▸ WHAT THIS TASK INVOLVES
All lines below starting at the one that holds "Röd Begagnad 2000" and ending at the one that holds "ロング カラー インナーカラー" should be printed exactly, ends included. Pictures should not be printed, nor anything else.

▸ SUPPLIED MATERIAL

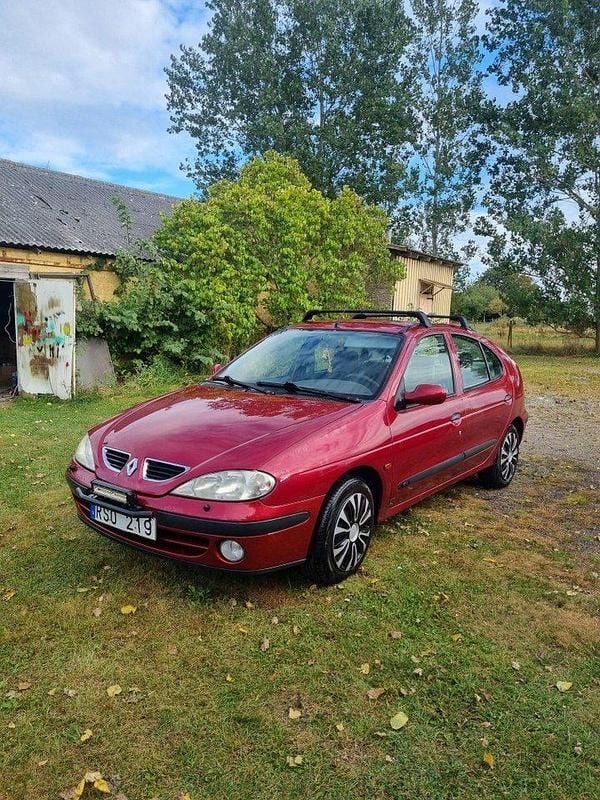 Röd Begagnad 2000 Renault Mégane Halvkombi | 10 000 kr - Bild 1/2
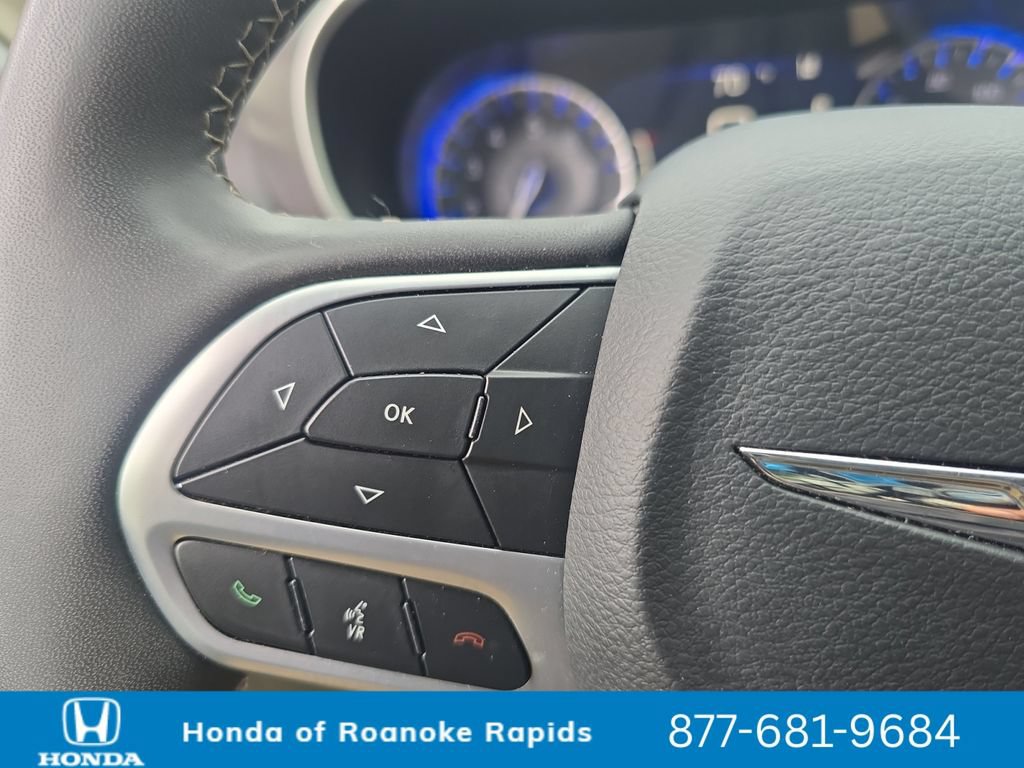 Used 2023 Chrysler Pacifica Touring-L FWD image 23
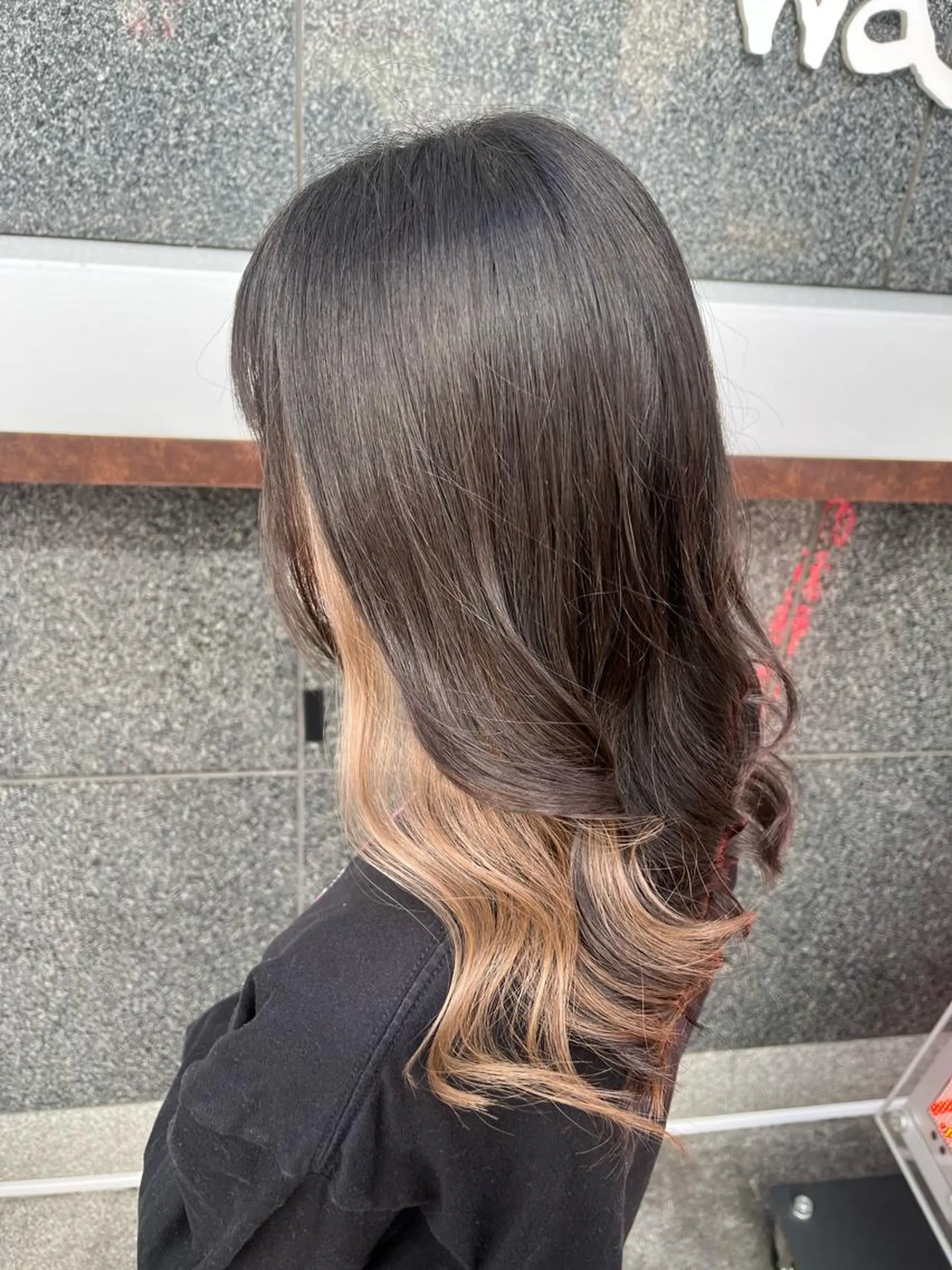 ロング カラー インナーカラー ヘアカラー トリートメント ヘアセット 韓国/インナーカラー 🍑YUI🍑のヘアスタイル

==

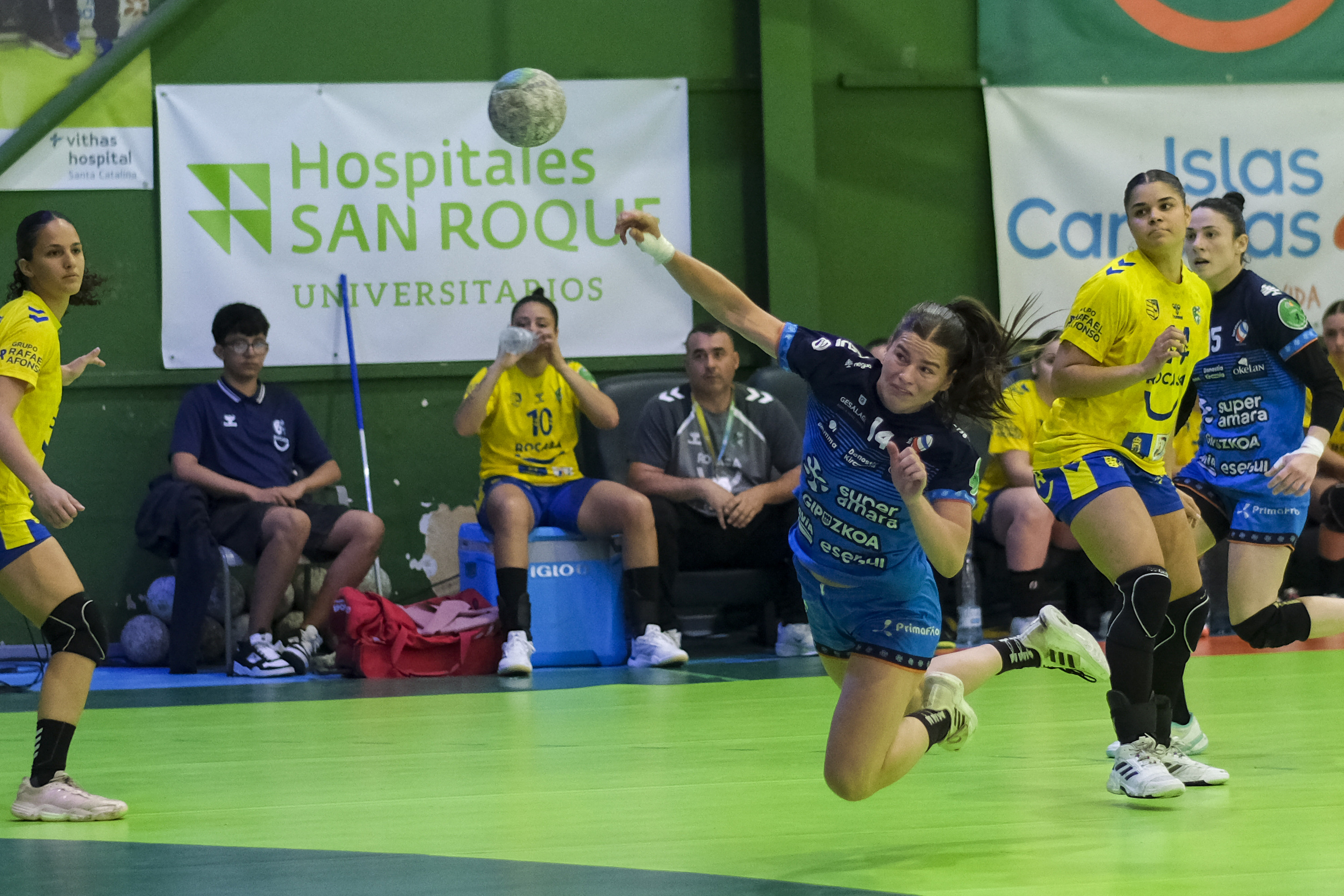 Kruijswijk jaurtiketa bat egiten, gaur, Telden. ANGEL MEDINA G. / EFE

▸ YOUR RESPONSE
 Röd Begagnad 2000 Renault Mégane Halvkombi | 10 000 kr - Bild 1/2
 Used 2023 Chrysler Pacifica Touring-L FWD image 23
 ロング カラー インナーカラー ヘアカラー トリートメント ヘアセット 韓国/インナーカラー 🍑YUI🍑のヘアスタイル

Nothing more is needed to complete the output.